Black History Month, for me, always starts off on an especially appropriate day, sharing Nigeria's Independence anniversary on October 1st. It gives me twice the reason to reflect on the joys and challenges of my father's country, with its hundreds of languages and ethnic groups, and how the UK and Nigeria can share our multicultural experiences and seek to create a better world.
I am luckier than most to be able to hear about and meet with inspiring people from African and Caribbean backgrounds throughout the year as one of the Conservative Party's two Vice Chairmen for Communities. Nevertheless, Black History Month is a fantastic way to shine a light on individual's contributions to making the UK a more equal and progressive society.
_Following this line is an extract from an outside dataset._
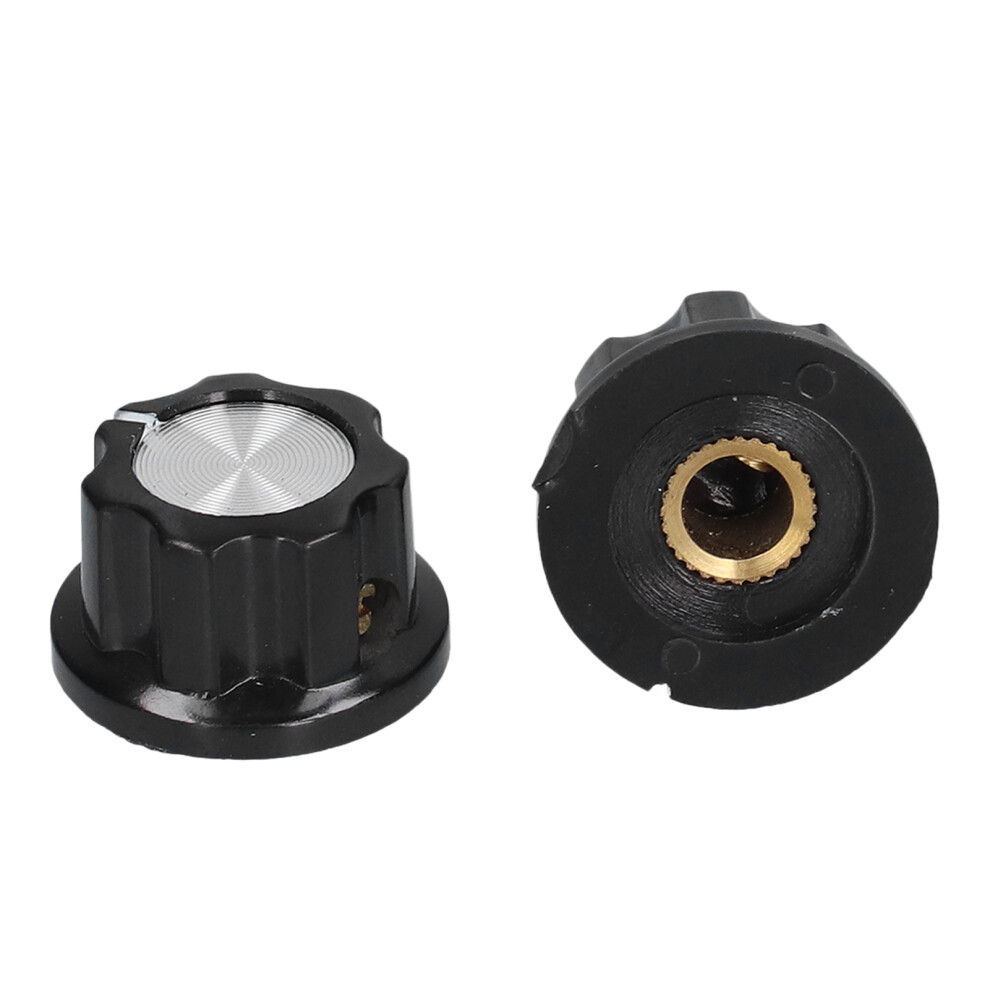 50Pcs Engineering Plastic Potentiometer Knobs 20mm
I had the pleasure to meet Wade Lyn CBE earlier this year. Since moving to Birmingham from Jamaica in 1966, he has been appointed an Honorary Consul of the Jamaican High Commission in the UK, as well as being CEO of the famous Jamaican Patty business he built from scratch. He is synonymous with the mantra I subscribe to, that where you end up in life should depend on how hard you're prepared to work using the talents you have, not where you're born, your ethnicity or who your parents are.
I've been there myself: growing up in a single-parent household of humble means, to becoming the Conservative Party's first female Anglo-African MP – which is why I am pleased this government is committed to creating a fair society for all, with organisations reflecting the communities they serve.
Following 2017's world-first Race Disparity Audit, which aimed to get a clear understanding of how people of different ethnic backgrounds are treated across society, the government has this month launched a new Race at Work Charter. It introduces a series of measures designed to improve recruitment and progression prospects of black and minority ethnic employees in the workplace.
A number of high-profile businesses have already signed up, including KPMG, Saatchi and Saatchi, and Lloyds Banking Group - which is also the first FTSE 100 company to set a goal to increase its representation of ethnic minority employees at senior levels. These measures will ensure opportunities for people to fulfil their potential at work – and to reach the top of their field – are open to everyone, regardless of background.
Additionally, the Prime Minister has launched a consultation on ethnicity pay reporting, after the Race Disparity Audit found significant inequalities between what people from ethnic backgrounds earned compared to their white counterparts. This is welcome news after the success of gender pay gap reporting earlier this year - and particularly when you consider pay discrepancies for ethnic minorities can be even worse.
The fact that we can even begin to focus on true equality in the workplace is testament to the work of this government, which has raised BAME employment to a record high. This is particularly striking when considering where we started in 2010, after unemployment among minorities more than doubled under Labour.
This government is also backing black and minority ethnic communities in entrepreneurial endeavours, with more than 11,000 BAME-led start-ups receiving government funding. Unsecured loans of between £500 and £25,000 are still available, together with free support and guidance for business planning, and up to 12 months of free mentoring for successful applicants (click here for details: www.gov.uk/apply-start-up-loan).
Black History Month for me is not just about recognising our past, but also about heralding hope for the future.